## What is being asked
Every line from the one containing "[STREET FIGHTER CLASSIC" to the end of the records below should be returned exactly; pictures are to be dropped.

## Recorded information
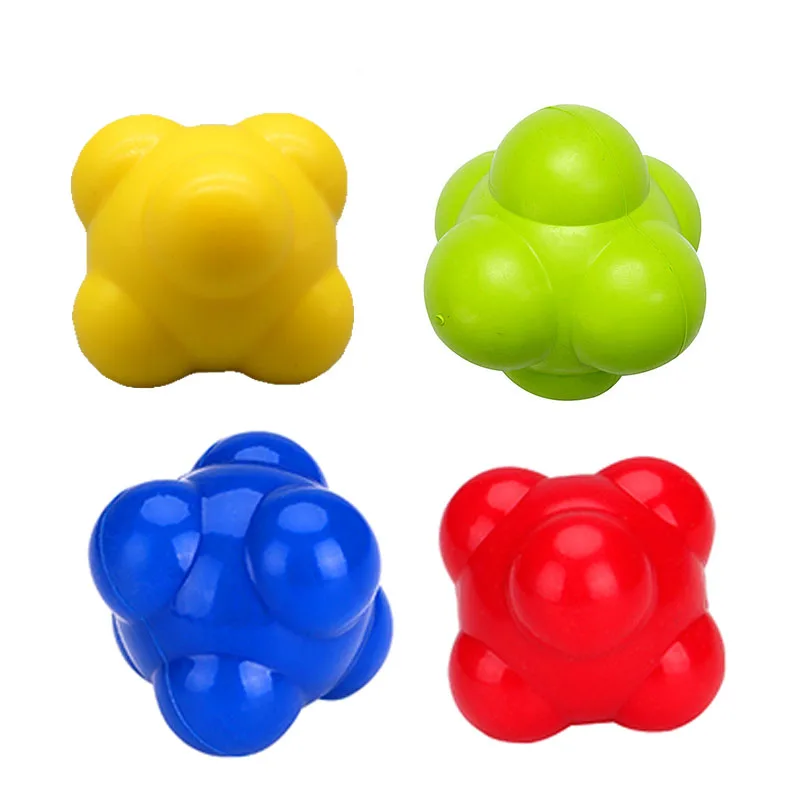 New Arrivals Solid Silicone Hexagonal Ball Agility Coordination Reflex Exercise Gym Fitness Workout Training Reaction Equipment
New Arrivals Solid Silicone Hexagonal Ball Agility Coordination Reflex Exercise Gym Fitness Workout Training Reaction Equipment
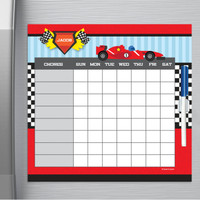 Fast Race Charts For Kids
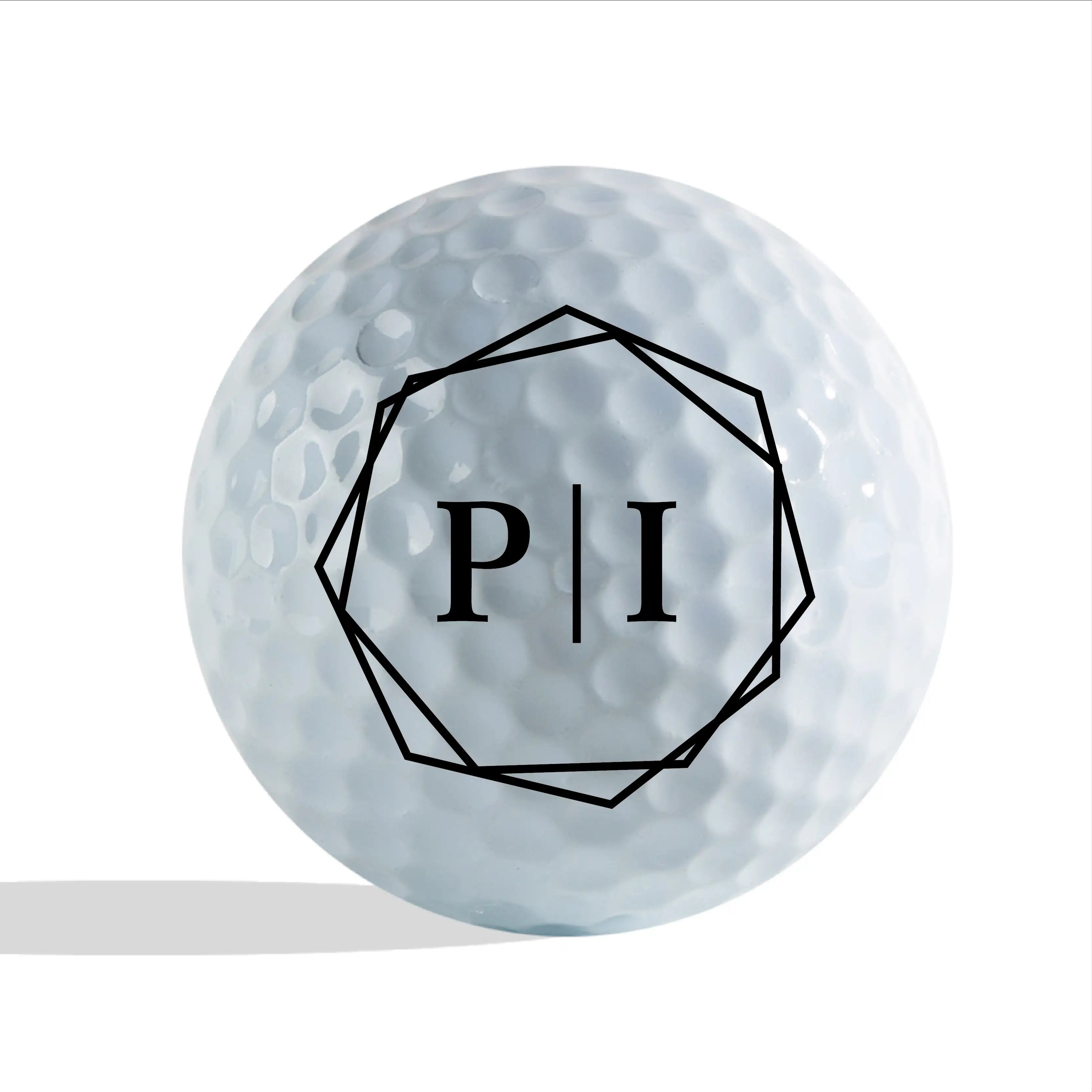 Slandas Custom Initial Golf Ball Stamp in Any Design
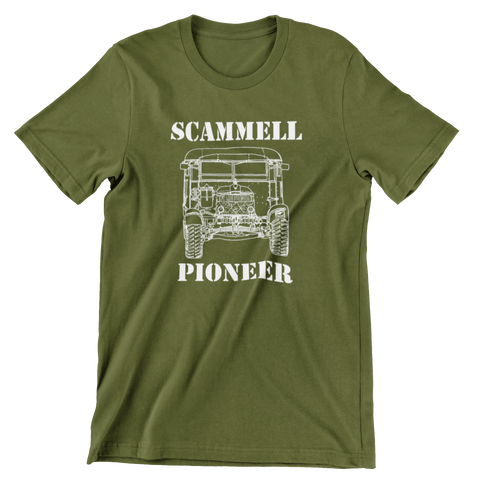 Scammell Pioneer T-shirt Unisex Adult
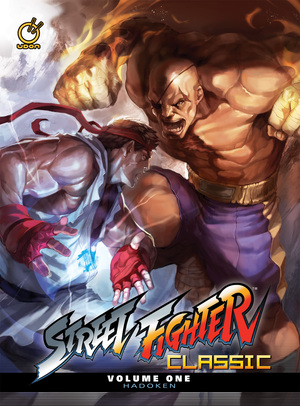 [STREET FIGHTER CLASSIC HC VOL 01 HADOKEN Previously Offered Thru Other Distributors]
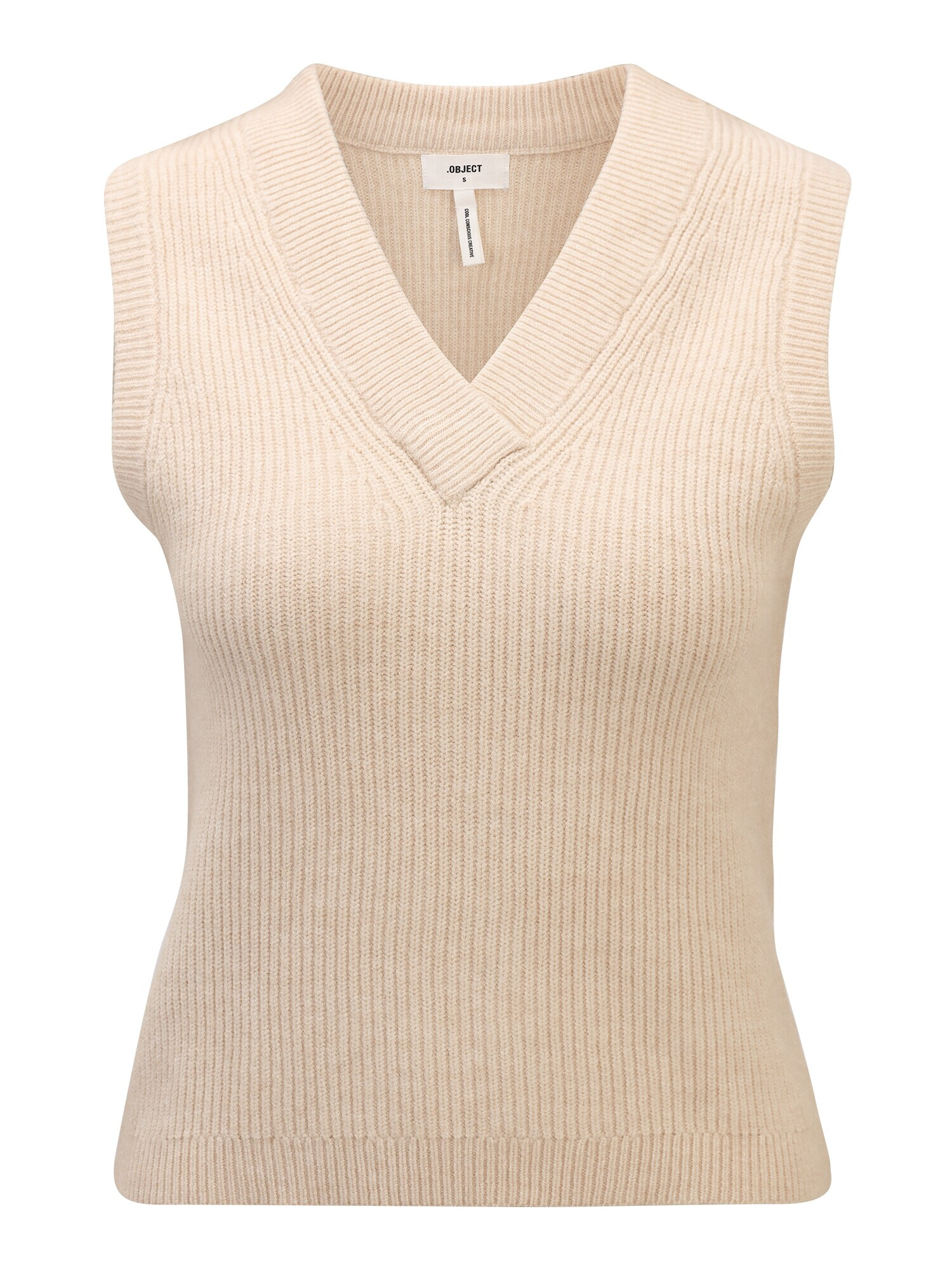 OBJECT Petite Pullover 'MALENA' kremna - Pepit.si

## Response
 [STREET FIGHTER CLASSIC HC VOL 01 HADOKEN Previously Offered Thru Other Distributors]
 OBJECT Petite Pullover 'MALENA' kremna - Pepit.si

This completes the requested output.